My normal inclination when picking read buffer sizes for file IO is to pick a large number. Classically this has two good effects; it reduces system call overhead (because you make fewer of them) and it gets the operating system to do IO to the underlying disks in larger chunks, which is often better. However, there is a hidden drawback to large buffer sizes, namely that reading data into a buffer is a synchronous action as far as your program is concerned; under normal circumstances, the operating system can't give your program back control until it's put the very last byte of the buffer into place. If you ask for 16 Kb, your program can start work once byte 16,384 has shown up; if you ask for 1 Mbyte, you get to wait until byte 1,048,576 has shown up, which is generally going to take longer. The more you try to read at once, the longer you're going to stall.
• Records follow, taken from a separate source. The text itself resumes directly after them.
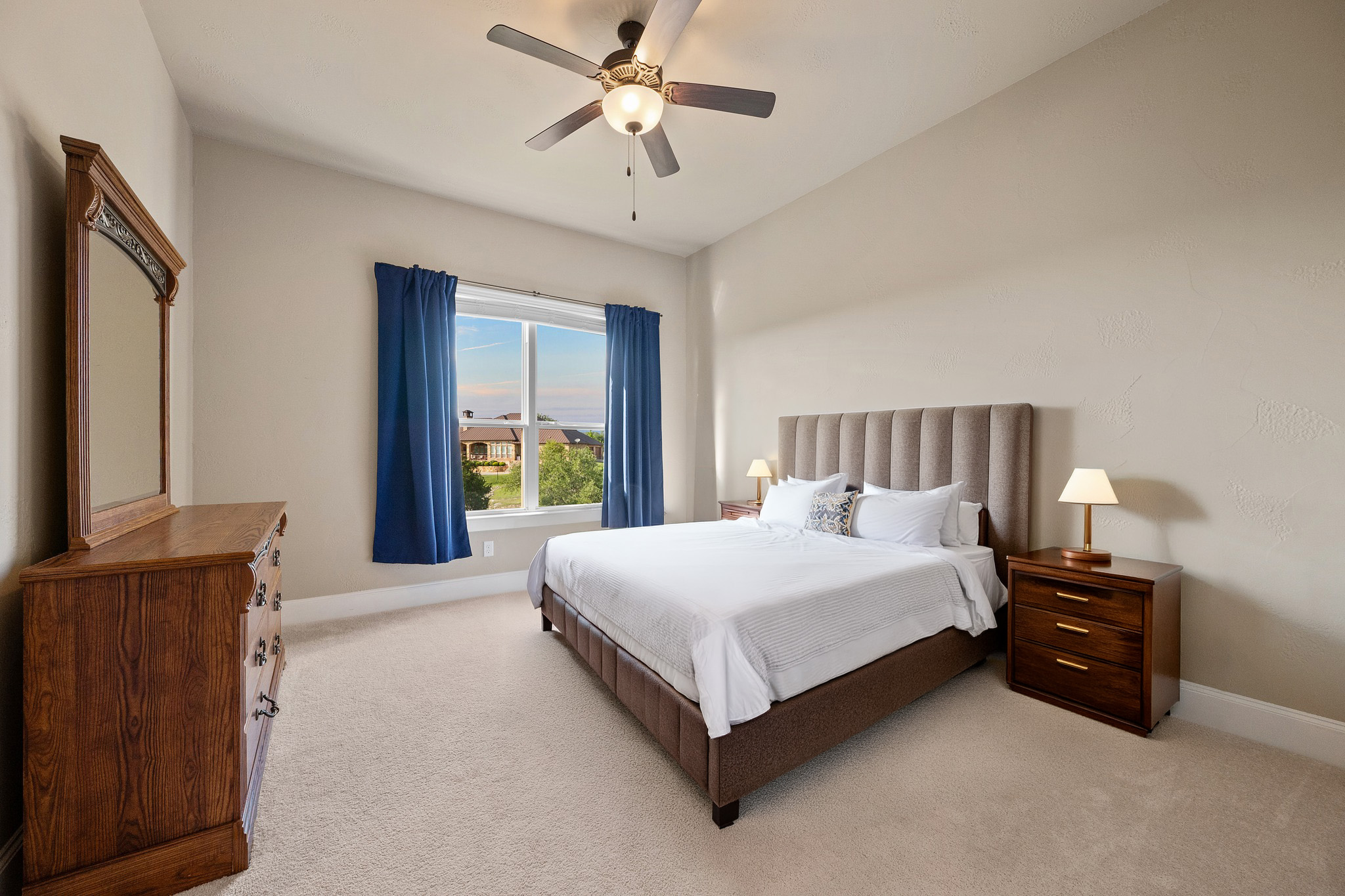 204 Wilderness Trail Georgetown, TX 78633 - Photo 28 of 38 a spacious bedroom with a bed and a flat screen television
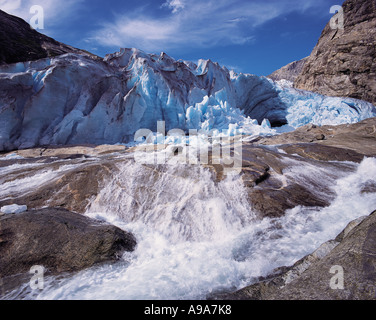 A vigourous melt water stream issuing from the snout of the Nigardsbreen glacier Jostedal National Park Norway Stock Photo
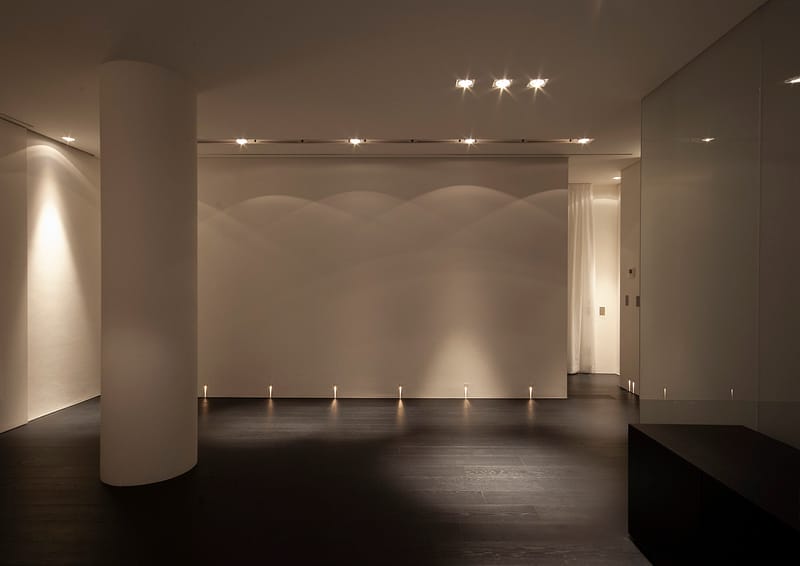 Attico CC, parete bianca con faretti incassati a parete e a soffitto, pavimento parquet scuro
On the surface this looks like it reduces the time to process the start of the file but not necessarily the time to process the end (because to get to the end of a 1 Mbyte file, you still need to wait for byte 1,048,576 to show up). However, reading data is not necessarily a synchronous action all the way to the disk. If you're reading data sequentially, all OSes are going to start doing readahead. This readahead means that you're effectively doing asynchronous disk reads that at least partially overlap with your program's work; while your program is processing its current buffer of data, the OS is issuing readaheads and may be able to satisfy your program's next read by just copying things around in RAM, instead of waiting for the disk.
If you attempt to read the entire file before processing any of it, you don't get any of these benefits. If you read in quite large buffers, you probably only get moderate benefits; you're still waiting for relatively large read operations to finish before you can start processing data, and the OS may not be willing to do enough readahead to cover the next full buffer. For good results, you don't want your buffer sizes to be too large, although I don't know what a good size is these days.
(Because I like ZFS and the normal ZFS block size for many files is 128 Kb, I think that 128 Kb is a good starting point for a read buffer size. If you strongly care about this, you may want to benchmark on your specific environment, because it's going to depend on how much readahead your OS is willing to do for you.)
PS: This also depends on your processing of the file not taking too long. If you can only process the file at a rate far lower than the speed of your IO, IO time has a relatively low impact on things and so it may not matter much how you read the file.
(In retrospect this feels like a reasonably obvious thing, but it didn't occur to me until now and as mentioned I've tended to reflexively do read IO in quite large buffer sizes. I'm probably going to be changing that in the future, at least for programs that process what they read.)